Burundi Tanzanie Nyarugusu

A l’occasion de la dernière visite du ministre burundais de l’intérieur dans les camps de réfugiés, son homologue tanzanien de l’intérieur a annoncé que les deux pays se sont convenus de rapatrier de force les réfugiés burundais se trouvant sur le sol tanzanien à partir du 1er octobre 2019. Pour ces organisations dont leurs leaders sont en exil, le projet n’est pas sans conséquences fâcheuses pour les réfugiés burundais. (SOS Médias Burundi)

Dans une correspondance de quatre pages, les 13 organisations de la société civile burundaise affirment que plus d’un demi-million de Burundais ont trouvé refuge dans les pays frontaliers (270.000 en refuge en Tanzanie) depuis la crise politique de 2015.

Ces organisations s’insurgent contre le rapatriement forcé des réfugiés burundais à partir du 1er octobre 2019 qui vient d’être décidé par le gouvernement tanzanien. Les réfugiés burundais vivant en Tanzanie font par ailleurs, depuis un certain temps, objet d’attaques à mains armées menées depuis le territoire burundais par des services de renseignements de ce pays ou des Imbonerakure (jeunes affiliés au parti au pouvoir CNDD-FDD), affirment les 13 organisations.

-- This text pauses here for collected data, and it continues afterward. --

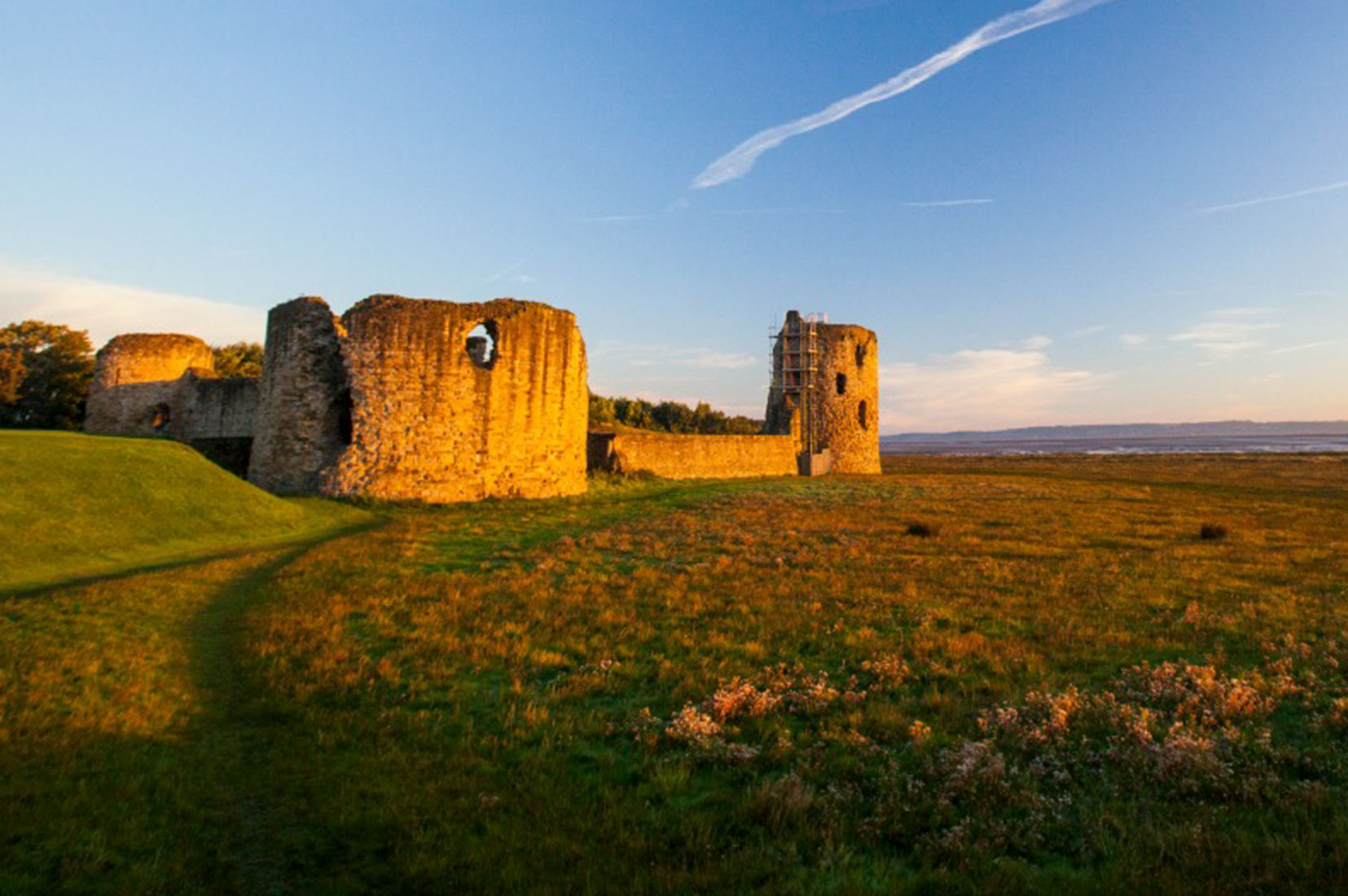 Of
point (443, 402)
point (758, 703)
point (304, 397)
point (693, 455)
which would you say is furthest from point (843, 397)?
point (758, 703)

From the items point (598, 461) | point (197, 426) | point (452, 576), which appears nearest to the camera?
point (452, 576)

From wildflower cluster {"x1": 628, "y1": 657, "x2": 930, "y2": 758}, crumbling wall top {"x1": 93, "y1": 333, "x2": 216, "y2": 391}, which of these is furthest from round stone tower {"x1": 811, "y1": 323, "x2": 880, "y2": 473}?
wildflower cluster {"x1": 628, "y1": 657, "x2": 930, "y2": 758}

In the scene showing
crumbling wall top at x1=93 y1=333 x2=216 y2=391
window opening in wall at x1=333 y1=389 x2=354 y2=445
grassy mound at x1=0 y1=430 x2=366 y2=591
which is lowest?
grassy mound at x1=0 y1=430 x2=366 y2=591

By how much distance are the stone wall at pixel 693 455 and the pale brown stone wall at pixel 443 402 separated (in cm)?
914

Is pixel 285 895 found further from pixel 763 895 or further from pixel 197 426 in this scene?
pixel 197 426

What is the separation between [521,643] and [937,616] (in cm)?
603

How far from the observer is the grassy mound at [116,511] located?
1243 centimetres

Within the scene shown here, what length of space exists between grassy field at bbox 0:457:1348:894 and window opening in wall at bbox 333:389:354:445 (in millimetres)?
13361

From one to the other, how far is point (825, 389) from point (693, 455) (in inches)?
531

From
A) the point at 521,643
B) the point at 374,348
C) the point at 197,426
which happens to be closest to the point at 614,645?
the point at 521,643

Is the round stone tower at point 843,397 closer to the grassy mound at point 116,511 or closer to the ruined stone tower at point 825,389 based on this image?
the ruined stone tower at point 825,389

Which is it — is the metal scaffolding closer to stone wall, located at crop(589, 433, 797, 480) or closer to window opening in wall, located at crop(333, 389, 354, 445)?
stone wall, located at crop(589, 433, 797, 480)

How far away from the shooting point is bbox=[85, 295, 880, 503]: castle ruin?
77.6ft

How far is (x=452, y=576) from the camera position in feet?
39.8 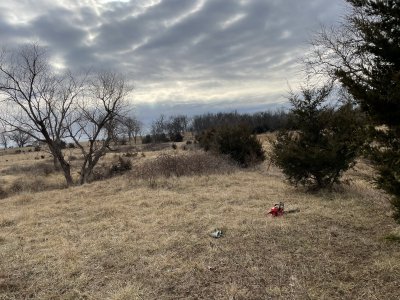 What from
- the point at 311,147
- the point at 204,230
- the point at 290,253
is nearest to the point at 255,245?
the point at 290,253

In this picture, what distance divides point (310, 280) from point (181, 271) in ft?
5.50

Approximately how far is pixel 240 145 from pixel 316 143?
10051mm

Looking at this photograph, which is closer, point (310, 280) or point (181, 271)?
point (310, 280)

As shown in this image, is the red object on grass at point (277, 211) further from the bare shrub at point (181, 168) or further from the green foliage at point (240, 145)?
the green foliage at point (240, 145)

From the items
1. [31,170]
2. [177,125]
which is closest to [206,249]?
[31,170]

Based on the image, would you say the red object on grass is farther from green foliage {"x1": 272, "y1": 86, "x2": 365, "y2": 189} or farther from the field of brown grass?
green foliage {"x1": 272, "y1": 86, "x2": 365, "y2": 189}

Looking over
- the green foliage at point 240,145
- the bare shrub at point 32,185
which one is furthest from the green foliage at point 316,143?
the bare shrub at point 32,185

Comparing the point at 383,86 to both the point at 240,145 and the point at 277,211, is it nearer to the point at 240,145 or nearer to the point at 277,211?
the point at 277,211

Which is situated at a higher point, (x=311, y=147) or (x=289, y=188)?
(x=311, y=147)

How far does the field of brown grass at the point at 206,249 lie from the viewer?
4438 millimetres

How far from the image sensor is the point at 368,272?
4.64m

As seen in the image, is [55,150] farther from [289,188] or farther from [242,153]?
[289,188]

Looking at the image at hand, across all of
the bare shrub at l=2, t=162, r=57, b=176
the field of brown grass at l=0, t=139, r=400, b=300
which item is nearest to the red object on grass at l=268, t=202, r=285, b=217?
the field of brown grass at l=0, t=139, r=400, b=300

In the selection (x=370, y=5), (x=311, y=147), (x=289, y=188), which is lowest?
(x=289, y=188) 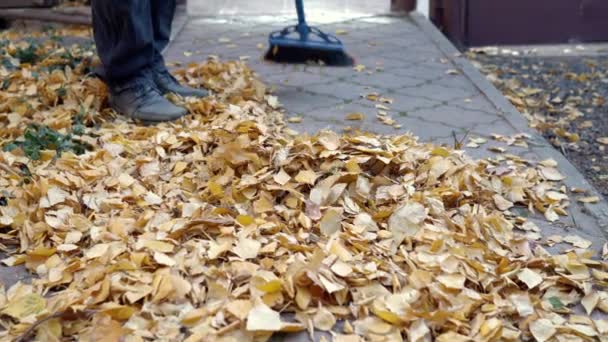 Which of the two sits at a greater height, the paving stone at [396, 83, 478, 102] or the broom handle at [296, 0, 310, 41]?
the broom handle at [296, 0, 310, 41]

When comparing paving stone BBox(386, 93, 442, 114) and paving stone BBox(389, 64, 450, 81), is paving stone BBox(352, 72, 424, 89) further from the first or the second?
paving stone BBox(386, 93, 442, 114)

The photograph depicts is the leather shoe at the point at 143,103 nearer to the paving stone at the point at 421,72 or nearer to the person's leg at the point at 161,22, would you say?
the person's leg at the point at 161,22

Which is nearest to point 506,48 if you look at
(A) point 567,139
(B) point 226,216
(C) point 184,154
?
(A) point 567,139

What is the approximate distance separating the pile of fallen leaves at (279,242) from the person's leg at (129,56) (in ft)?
0.73

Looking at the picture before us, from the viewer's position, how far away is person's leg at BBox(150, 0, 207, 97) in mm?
3221

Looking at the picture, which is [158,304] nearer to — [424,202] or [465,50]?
[424,202]

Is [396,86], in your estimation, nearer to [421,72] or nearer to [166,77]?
[421,72]

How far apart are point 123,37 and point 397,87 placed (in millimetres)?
1462

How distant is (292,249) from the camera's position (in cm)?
181

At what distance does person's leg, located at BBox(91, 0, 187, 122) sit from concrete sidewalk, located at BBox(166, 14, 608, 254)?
0.60m

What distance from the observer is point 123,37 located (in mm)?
2881

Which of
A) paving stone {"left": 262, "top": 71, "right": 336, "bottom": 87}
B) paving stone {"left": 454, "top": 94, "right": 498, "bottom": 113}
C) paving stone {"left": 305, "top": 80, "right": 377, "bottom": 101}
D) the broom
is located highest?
the broom

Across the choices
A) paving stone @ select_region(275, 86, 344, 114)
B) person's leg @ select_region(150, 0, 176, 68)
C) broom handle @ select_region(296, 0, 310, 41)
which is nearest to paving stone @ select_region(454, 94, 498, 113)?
paving stone @ select_region(275, 86, 344, 114)

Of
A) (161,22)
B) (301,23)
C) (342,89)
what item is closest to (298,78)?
(342,89) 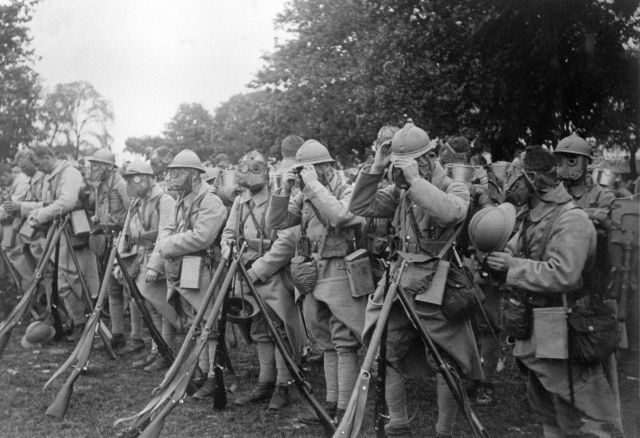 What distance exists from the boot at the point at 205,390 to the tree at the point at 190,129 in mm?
48687

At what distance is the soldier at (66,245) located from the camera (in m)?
9.08

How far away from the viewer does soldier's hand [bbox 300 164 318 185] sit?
18.4 feet

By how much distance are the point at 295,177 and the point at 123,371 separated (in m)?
3.62

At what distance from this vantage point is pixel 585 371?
4262 millimetres

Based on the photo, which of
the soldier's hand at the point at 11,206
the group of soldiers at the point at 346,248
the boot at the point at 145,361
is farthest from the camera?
the soldier's hand at the point at 11,206

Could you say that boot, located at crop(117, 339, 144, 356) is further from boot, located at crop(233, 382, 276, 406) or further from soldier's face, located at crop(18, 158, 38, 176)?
soldier's face, located at crop(18, 158, 38, 176)

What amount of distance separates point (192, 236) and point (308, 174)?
194cm

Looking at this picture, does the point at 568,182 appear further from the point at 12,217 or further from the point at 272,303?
the point at 12,217

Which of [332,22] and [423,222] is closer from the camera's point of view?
[423,222]

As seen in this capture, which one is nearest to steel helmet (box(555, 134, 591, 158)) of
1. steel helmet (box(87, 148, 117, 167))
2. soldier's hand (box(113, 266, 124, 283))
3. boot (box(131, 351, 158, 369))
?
boot (box(131, 351, 158, 369))

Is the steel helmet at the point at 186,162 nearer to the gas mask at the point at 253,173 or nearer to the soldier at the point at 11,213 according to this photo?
the gas mask at the point at 253,173

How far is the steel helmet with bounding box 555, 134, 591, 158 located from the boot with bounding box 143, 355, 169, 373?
5047 millimetres

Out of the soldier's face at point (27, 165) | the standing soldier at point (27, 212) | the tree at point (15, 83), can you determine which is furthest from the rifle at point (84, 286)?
the tree at point (15, 83)

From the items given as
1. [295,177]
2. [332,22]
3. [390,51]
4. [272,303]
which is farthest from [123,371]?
[332,22] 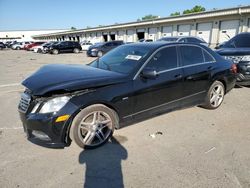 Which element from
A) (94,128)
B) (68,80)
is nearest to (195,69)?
(94,128)

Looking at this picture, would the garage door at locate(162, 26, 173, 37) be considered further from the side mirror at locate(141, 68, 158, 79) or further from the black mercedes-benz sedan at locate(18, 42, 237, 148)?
the side mirror at locate(141, 68, 158, 79)

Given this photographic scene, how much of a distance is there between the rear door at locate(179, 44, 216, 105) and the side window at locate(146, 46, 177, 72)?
0.71 ft

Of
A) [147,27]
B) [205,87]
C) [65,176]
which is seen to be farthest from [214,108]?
[147,27]

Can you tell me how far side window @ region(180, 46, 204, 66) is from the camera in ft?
13.7

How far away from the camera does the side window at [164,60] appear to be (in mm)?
3715

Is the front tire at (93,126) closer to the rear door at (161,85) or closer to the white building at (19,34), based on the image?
the rear door at (161,85)

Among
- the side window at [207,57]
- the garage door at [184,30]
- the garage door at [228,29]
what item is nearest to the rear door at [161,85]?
the side window at [207,57]

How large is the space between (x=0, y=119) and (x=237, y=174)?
4556mm

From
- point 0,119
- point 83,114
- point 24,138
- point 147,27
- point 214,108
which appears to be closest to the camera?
point 83,114

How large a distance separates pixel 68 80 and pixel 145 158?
1.64 metres

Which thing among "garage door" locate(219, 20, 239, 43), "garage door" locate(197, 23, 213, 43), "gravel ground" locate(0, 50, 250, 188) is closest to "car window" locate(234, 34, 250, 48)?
"gravel ground" locate(0, 50, 250, 188)

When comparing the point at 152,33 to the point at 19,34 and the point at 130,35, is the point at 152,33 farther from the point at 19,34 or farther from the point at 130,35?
the point at 19,34

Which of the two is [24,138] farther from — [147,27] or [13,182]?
[147,27]

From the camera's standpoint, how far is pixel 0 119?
441 cm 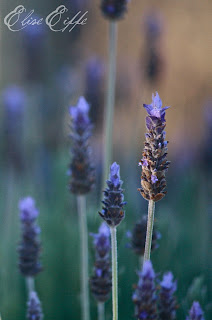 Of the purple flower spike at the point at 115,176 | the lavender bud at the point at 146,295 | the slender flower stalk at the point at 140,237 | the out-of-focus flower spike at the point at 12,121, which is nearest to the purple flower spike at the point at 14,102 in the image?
the out-of-focus flower spike at the point at 12,121

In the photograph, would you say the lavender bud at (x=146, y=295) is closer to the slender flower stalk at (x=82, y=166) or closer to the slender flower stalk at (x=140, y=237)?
the slender flower stalk at (x=140, y=237)

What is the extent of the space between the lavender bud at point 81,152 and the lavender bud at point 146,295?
21.1 inches

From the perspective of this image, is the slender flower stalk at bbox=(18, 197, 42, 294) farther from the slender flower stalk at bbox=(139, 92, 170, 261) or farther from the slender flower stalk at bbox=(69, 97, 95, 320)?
the slender flower stalk at bbox=(139, 92, 170, 261)

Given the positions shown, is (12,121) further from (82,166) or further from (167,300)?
(167,300)

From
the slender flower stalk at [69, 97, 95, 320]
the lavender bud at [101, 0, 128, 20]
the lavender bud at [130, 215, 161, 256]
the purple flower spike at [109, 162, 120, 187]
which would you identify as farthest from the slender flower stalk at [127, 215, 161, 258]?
the lavender bud at [101, 0, 128, 20]

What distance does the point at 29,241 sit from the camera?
150 centimetres

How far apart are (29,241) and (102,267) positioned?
0.30 m

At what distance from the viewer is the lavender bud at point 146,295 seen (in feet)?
3.24

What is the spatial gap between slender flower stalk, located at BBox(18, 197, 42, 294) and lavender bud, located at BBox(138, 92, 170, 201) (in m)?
0.50

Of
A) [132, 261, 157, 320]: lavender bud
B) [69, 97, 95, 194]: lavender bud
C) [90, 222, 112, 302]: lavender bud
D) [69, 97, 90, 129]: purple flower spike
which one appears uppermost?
[69, 97, 90, 129]: purple flower spike

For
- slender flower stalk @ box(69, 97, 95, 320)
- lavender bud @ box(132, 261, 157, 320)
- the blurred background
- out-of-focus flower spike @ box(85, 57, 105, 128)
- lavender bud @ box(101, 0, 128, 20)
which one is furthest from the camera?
out-of-focus flower spike @ box(85, 57, 105, 128)

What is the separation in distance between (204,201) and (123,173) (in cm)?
58

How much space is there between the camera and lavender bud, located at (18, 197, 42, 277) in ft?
4.87

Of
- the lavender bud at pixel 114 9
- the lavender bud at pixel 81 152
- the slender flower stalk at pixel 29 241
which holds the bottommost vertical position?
the slender flower stalk at pixel 29 241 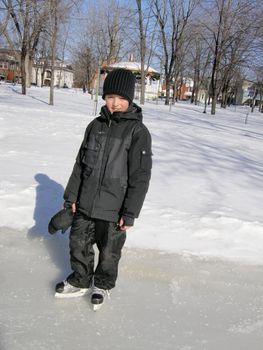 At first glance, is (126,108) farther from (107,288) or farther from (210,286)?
(210,286)

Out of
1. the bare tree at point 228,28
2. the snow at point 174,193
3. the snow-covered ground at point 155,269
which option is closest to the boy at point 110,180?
the snow-covered ground at point 155,269

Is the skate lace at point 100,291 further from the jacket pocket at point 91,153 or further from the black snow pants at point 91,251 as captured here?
the jacket pocket at point 91,153

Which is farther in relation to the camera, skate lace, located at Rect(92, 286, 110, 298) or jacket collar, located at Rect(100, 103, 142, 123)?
skate lace, located at Rect(92, 286, 110, 298)

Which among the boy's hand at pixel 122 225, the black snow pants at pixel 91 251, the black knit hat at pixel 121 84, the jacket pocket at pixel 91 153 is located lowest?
the black snow pants at pixel 91 251

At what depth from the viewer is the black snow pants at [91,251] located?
9.37 feet

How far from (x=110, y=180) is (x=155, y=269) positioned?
109 centimetres

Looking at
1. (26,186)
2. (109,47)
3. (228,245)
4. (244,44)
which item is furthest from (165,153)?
(109,47)

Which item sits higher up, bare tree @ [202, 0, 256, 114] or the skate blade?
bare tree @ [202, 0, 256, 114]

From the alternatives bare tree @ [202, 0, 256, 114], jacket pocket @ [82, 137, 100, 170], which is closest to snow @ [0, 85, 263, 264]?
jacket pocket @ [82, 137, 100, 170]

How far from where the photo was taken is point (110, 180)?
276cm

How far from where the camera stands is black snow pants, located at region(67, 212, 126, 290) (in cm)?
286

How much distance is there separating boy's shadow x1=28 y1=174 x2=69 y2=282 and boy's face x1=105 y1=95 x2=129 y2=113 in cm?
137

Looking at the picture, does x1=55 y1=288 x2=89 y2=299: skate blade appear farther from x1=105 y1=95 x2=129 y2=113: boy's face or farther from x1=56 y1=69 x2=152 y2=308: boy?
x1=105 y1=95 x2=129 y2=113: boy's face

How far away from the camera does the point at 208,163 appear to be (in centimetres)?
787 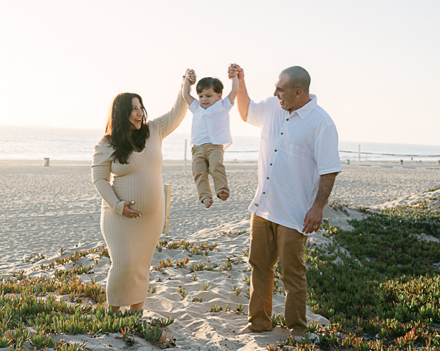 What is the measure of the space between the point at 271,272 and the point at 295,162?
122 centimetres

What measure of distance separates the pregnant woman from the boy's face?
2.68ft

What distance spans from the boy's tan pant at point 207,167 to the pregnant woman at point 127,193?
64cm

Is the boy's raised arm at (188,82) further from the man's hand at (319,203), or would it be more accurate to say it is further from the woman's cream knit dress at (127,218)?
the man's hand at (319,203)

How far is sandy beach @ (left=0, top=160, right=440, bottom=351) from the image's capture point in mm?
4383

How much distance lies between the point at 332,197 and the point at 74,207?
10938 mm

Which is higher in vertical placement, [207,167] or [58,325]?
[207,167]

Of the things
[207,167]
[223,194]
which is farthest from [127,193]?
[207,167]

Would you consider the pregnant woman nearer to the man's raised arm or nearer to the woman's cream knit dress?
the woman's cream knit dress

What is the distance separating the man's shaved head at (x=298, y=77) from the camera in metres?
3.69

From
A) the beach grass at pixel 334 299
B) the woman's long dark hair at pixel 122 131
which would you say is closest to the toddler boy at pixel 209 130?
the woman's long dark hair at pixel 122 131

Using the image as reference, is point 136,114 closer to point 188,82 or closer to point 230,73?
point 188,82

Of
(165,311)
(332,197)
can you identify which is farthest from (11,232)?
(332,197)

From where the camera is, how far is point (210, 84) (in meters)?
4.79

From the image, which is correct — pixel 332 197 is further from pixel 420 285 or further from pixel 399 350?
pixel 399 350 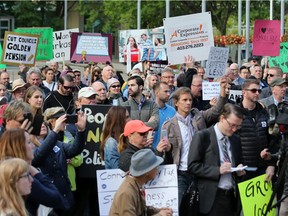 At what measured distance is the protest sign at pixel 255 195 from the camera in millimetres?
8703

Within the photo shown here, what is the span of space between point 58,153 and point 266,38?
13703 millimetres

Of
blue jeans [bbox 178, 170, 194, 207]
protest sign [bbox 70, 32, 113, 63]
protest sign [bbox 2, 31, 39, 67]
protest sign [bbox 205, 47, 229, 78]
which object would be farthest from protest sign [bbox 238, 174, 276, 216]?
protest sign [bbox 70, 32, 113, 63]

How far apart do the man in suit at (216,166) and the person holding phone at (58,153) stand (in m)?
1.24

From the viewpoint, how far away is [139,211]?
652 centimetres

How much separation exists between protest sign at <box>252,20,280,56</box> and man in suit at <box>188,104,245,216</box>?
40.8 ft

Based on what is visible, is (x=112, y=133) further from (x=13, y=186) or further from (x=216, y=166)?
(x=13, y=186)

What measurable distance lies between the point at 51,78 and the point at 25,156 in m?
10.6

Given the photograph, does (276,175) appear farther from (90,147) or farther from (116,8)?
(116,8)

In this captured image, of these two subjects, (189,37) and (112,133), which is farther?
(189,37)

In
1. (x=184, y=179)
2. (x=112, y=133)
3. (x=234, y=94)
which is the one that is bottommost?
(x=184, y=179)

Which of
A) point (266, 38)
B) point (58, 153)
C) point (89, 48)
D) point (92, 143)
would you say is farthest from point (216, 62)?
point (58, 153)

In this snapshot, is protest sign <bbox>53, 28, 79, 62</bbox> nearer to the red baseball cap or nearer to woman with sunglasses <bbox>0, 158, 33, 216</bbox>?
the red baseball cap

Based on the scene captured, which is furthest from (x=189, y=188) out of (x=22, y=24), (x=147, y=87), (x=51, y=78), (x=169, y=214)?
(x=22, y=24)

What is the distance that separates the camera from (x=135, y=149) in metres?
8.07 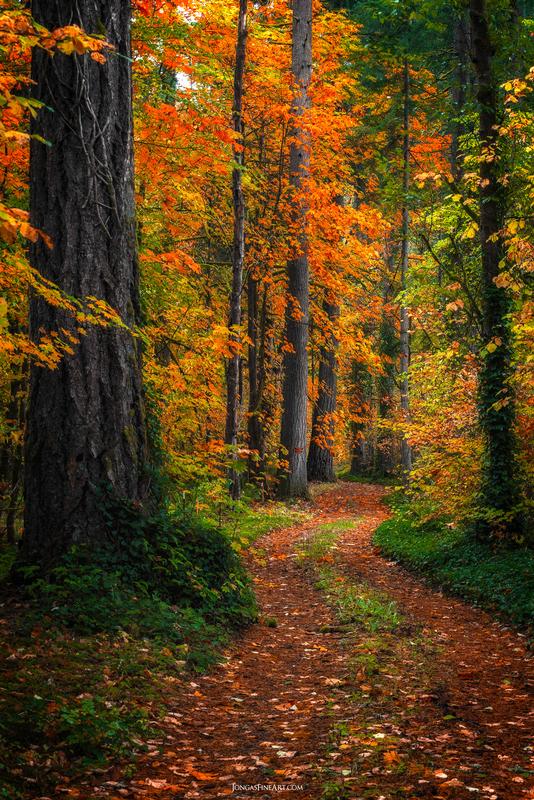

Une situation qui a poussé certains de ces réfugiés à partir ailleurs, confirment les signataires de la lettre. D’autres réfugiés qui sont restés en Tanzanie vivent dans une peur panique accentuée par « un harcèlement excessif et continu des autorités tanzaniennes qui les incitent à rentrer de force depuis 2018 », rappellent les organisations qui se sont confiées au patron du HCR.

Pour les 13 organisations, les violations des droits humains et les violences de toute sorte se commettent tous les jours et l’insécurité règne sur tout le territoire burundais, la répression et le harcèlement des réfugiés s’accroissant au même rythme.